If you look at the chi-square statistics I described earlier, Newcastle's yields a p-value of 0.005 (.0032 using a more precise method). That's better than ten times what is ordinarily needed for statistical significance. The problem is that you also have to adjust for multiple comparisons. Multiple comparisons is a complex issue, and not really appropriate to this forum.

the101er
08 Sep 2003, 11:58 AM
Statisticians talk about "interesting" data. This, as far as I can tell, usually refers to data that rejects the null hypothesis.

But in laymen's terms, I think whatever we discover here is going to be interesting. We just need to be sure all of the numbers are right and the statistical work is sound.

If the null hypothesis is: All teams (good or bad) tend to score goals at the same time during games. Then, if we can't find any teams' data that reject the null hypothesis, we can say that better teams just score more goals than worse teams and it doesn't matter when in the match. This, I think, would be counter-intuitive to many soccer pundits, who tend to see either an early goal or a late goal as "critical".

I am busy correcting the first numbers I posted which, I apologize, had some errors. I think this is mostly due to the haphazard nature of reporting own goals at the website I am using. And, this time, I am counting all goals and splitting goals into 6 time segments of the game.

As I understand it, I should be able to take all of the data for the whole season and use this as my expected results and run a chi-squared analysis for each team against the expected results. It would be nice if someone had the same type of numbers for the Premiership, that were reported for MLS.

beineke
08 Sep 2003, 12:36 PM
Originally posted by the101er
As I understand it, I should be able to take all of the data for the whole season and use this as my expected results and run a chi-squared analysis for each team against the expected results.

Not sure if this is what you're saying, but you can run a chi-square for all 20 teams at once by putting all those numbers into a 20 x 6 table.

microbrew
08 Sep 2003, 12:55 PM
BTW, we can say the last 15 minutes are the most important, because that's where the most goals are scored...

beineke
08 Sep 2003, 01:03 PM
Originally posted by microbrew
BTW, we can say the last 15 minutes are the most important, because that's where the most goals are scored...

... only if these goals have an impact on the final result.

Karl K
09 Sep 2003, 11:59 AM
Originally posted by the101er
Statisticians talk about "interesting" data. This, as far as I can tell, usually refers to data that rejects the null hypothesis.

But in laymen's terms, I think whatever we discover here is going to be interesting. We just need to be sure all of the numbers are right and the statistical work is sound.

If the null hypothesis is: All teams (good or bad) tend to score goals at the same time during games. Then, if we can't find any teams' data that reject the null hypothesis, we can say that better teams just score more goals than worse teams and it doesn't matter when in the match.
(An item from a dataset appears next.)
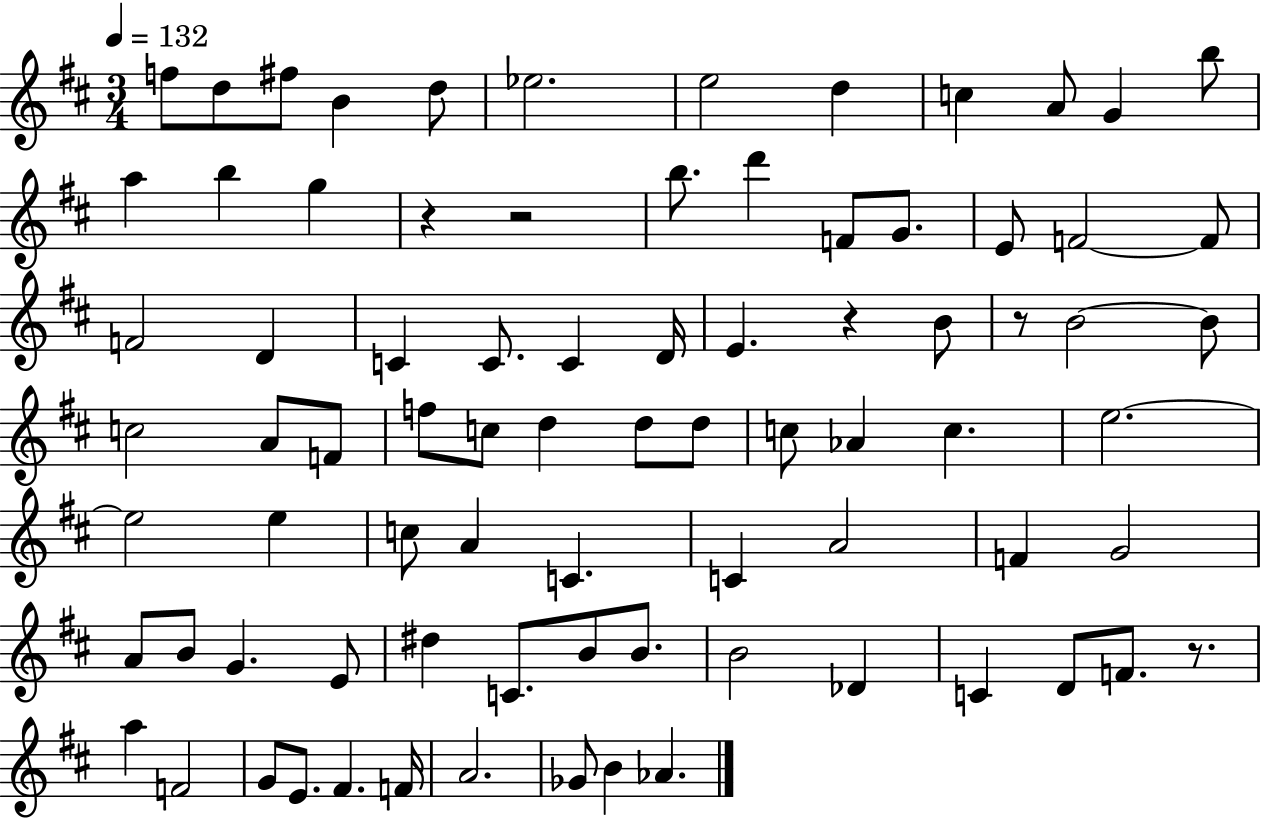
F5/e D5/e F#5/e B4/q D5/e Eb5/h. E5/h D5/q C5/q A4/e G4/q B5/e A5/q B5/q G5/q R/q R/h B5/e. D6/q F4/e G4/e. E4/e F4/h F4/e F4/h D4/q C4/q C4/e. C4/q D4/s E4/q. R/q B4/e R/e B4/h B4/e C5/h A4/e F4/e F5/e C5/e D5/q D5/e D5/e C5/e Ab4/q C5/q. E5/h. E5/h E5/q C5/e A4/q C4/q. C4/q A4/h F4/q G4/h A4/e B4/e G4/q. E4/e D#5/q C4/e. B4/e B4/e. B4/h Db4/q C4/q D4/e F4/e. R/e. A5/q F4/h G4/e E4/e. F#4/q. F4/s A4/h. Gb4/e B4/q Ab4/q.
This, I think, would be counter-intuitive to many soccer pundits, who tend to see either an early goal or a late goal as "critical".

I am busy correcting the first numbers I posted which, I apologize, had some errors. I think this is mostly due to the haphazard nature of reporting own goals at the website I am using. And, this time, I am counting all goals and splitting goals into 6 time segments of the game.

As I understand it, I should be able to take all of the data for the whole season and use this as my expected results and run a chi-squared analysis for each team against the expected results. It would be nice if someone had the same type of numbers for the Premiership, that were reported for MLS.

Well said.

Look forward to seeing your results.